Wheelchair basketball on the rise
Australian Gliders head coach John Triscari is focusing on building an aggressive game style just three weeks out from the World Championships in Birmingham.
The national women’s wheelchair basketball team visited the Geelong Arena for game four of their five game series with Germany on Thursday night, the curtain raiser for the Opals clash with Japan.
Despite falling 54-39 and handing the visitors an unassailable 3-1 lead, Triscari was satisfied with his side’s preparation heading into the titles in England starting July 7.
“I’m pleased; we’ve been developing a really aggressive, tough style which the Germans don’t like too much,” he said.
“This is probably the number one team in the world that we’re playing against and I think we’re well placed for the World Championships.”
The Gliders held a buffer early in the third term but were unable to go on, a shooting percentage of 29 per cent from the field proving their downfall.
“Our main problem was our shooting percentage; we took more shots than them but converted poorly which was the difference,” Triscari said.
The Rollers have just returned from the Paralympics World Cup in Manchester where they received a bronze medal along with the national men’s side, the Rollers.

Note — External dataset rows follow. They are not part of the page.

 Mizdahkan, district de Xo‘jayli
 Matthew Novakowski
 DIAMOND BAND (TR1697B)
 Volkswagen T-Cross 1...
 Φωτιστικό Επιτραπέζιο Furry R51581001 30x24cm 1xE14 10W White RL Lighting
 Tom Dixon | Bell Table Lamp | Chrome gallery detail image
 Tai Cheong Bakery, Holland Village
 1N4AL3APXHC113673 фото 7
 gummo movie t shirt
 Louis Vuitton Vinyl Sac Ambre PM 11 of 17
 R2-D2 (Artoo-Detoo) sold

Australia’s leading scorer on Thursday night, Kylie Gauci (nine points), was happy to be home and was looking forward to returning to England to represent her country.
“We’ve got worlds in three weeks and it’s nice to be home, play against a good team in Germany. I think we’ve improved since Manchester and we’re in good stead going into the worlds,” she said.

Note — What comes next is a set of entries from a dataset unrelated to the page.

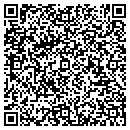 QR code with The Zones contacts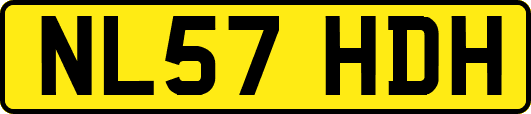 NL57HDH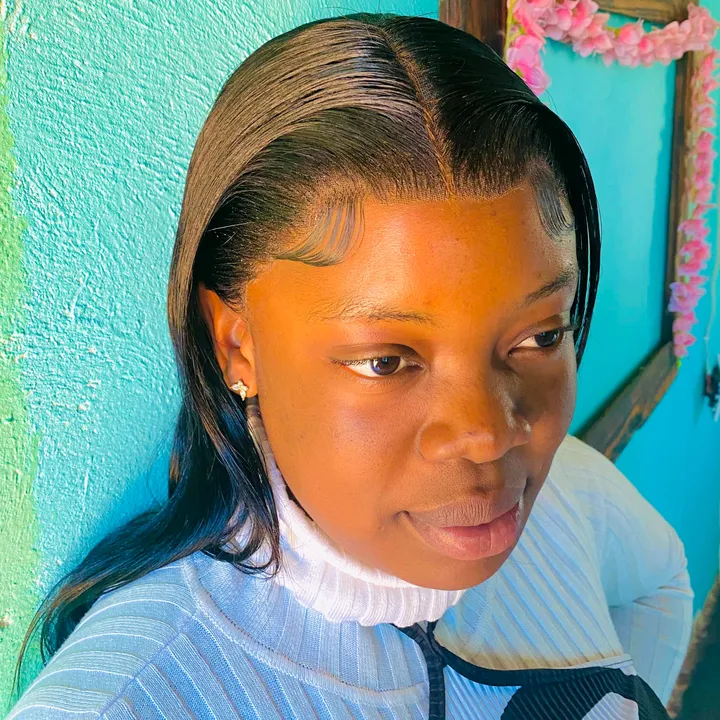 Nthabiseng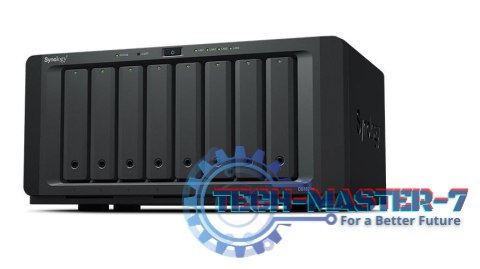 Serwer NAS DS1821+ 8x0HDD 2,2Ghz 4GB PCI-E 4x1GbE 4xUSB 2xeSATA 3Y Serwer NAS DS1821+ 8x0HDD 2,2Ghz 4GB PCI-E 4x1GbE 4xUSB 2xeSATA 3Y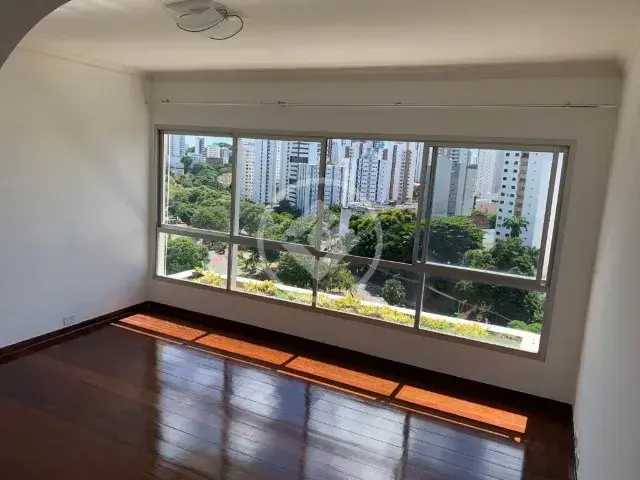 APARTAMENTO NA BARRA 3 QUARTOS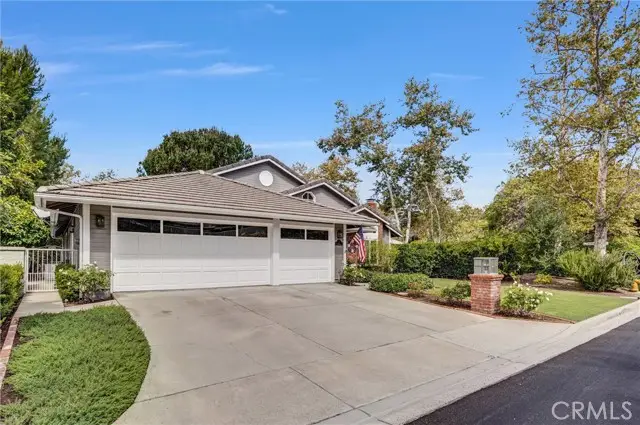 1 Pinewood, Trabuco Canyon, CA 92679 - #3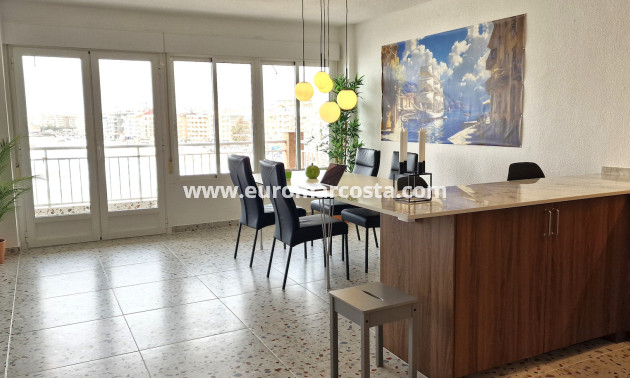 Sale - Apartment / flat - Torrevieja - TORREVIEJA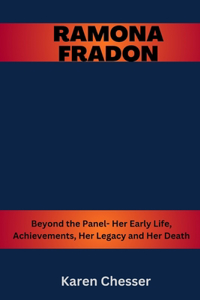 Ramona Fradon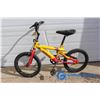 Image 1 : **Youth 16" Infinity Bike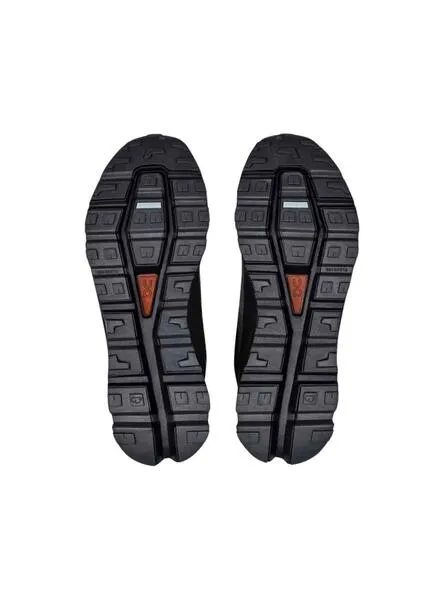 Zapatillas On Cloudroam Negro para Mujer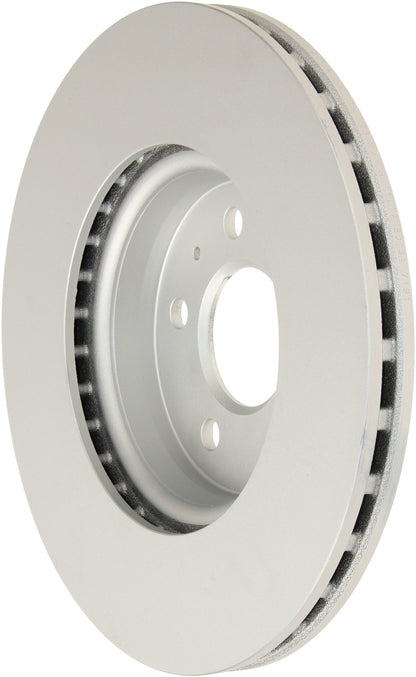 ATE Disc Brake Rotor SP25184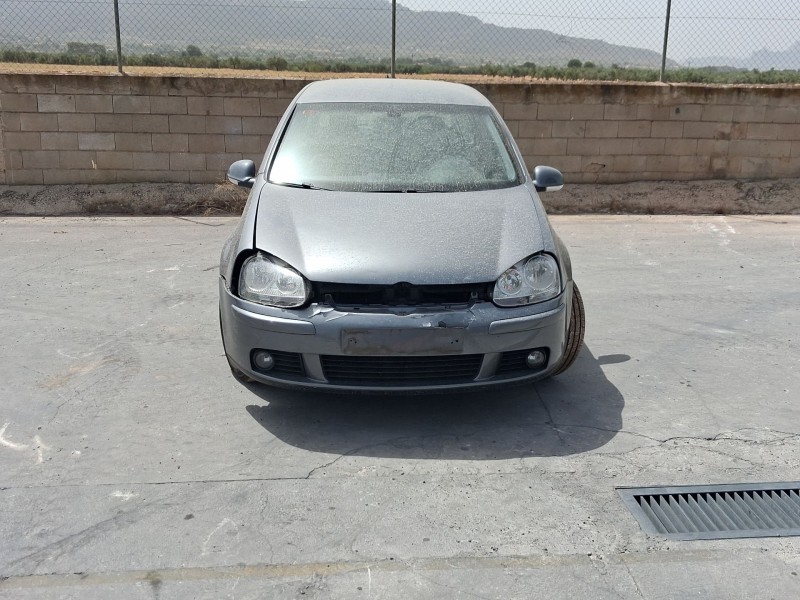 volkswagen golf v (1k1) del año 2006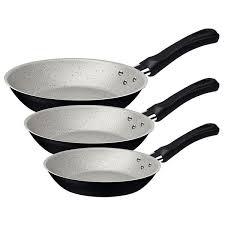 Jogo de Frigideira Tramontina Linz 3UN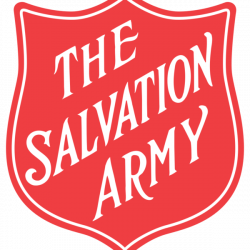 Salvation Army Volunteer Receptionist - The University of Southern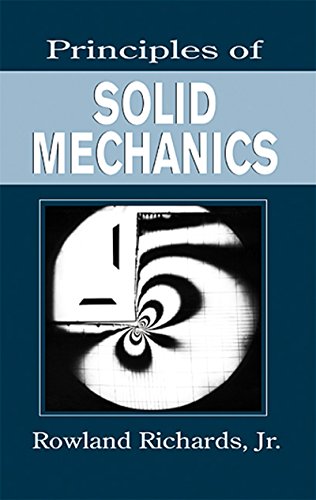 Principles of Solid Mechanics manuel d'étude pour examen d'ingénieur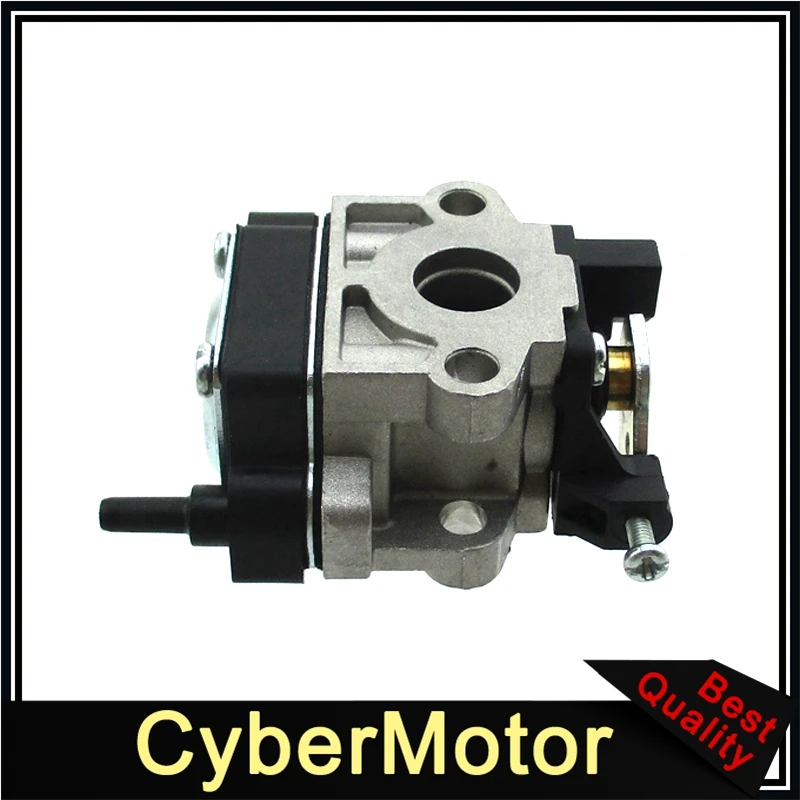 

Carburetor For Walbro WYC-7 WYC-7-1 Toro F-Series Trimmer 308480001 Vacuum 1944 51945 51946 51947 51948 25.4cc Blower Trimmer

She was thrilled to have played in front of a big crowd as the Gliders try to increase the spotlight on wheelchair basketball in Australia.
“It was unreal that the crowd came out in support for us tonight before the Opals, it was a great atmosphere,” Australian leading scorer Kylie Gauci said.
“At the moment there’s not enough exposure and I think playing games in front of the Opals will help,” coach Triscari said.
“We had about 1000 kids watch us in Dandenong and all of those kids are now aware and will spread the word to their parents and so on.”
Geelong’s Melanie Domaschenz (pictured above) was also delighted to have represented her country on her home court.
Game five is played tonight in Dandenong and Triscari said the travelling nation can expect more of the same.
“Even the Germans were whinging and moaning, they didn’t like it at all and the message with that is; welcome to Australia and we’re going to go even harder,” he said.
“The style of play we’re developing is a running, aggressive in your face type of style and I haven’t seen a team in the world that’s comfortable with it.”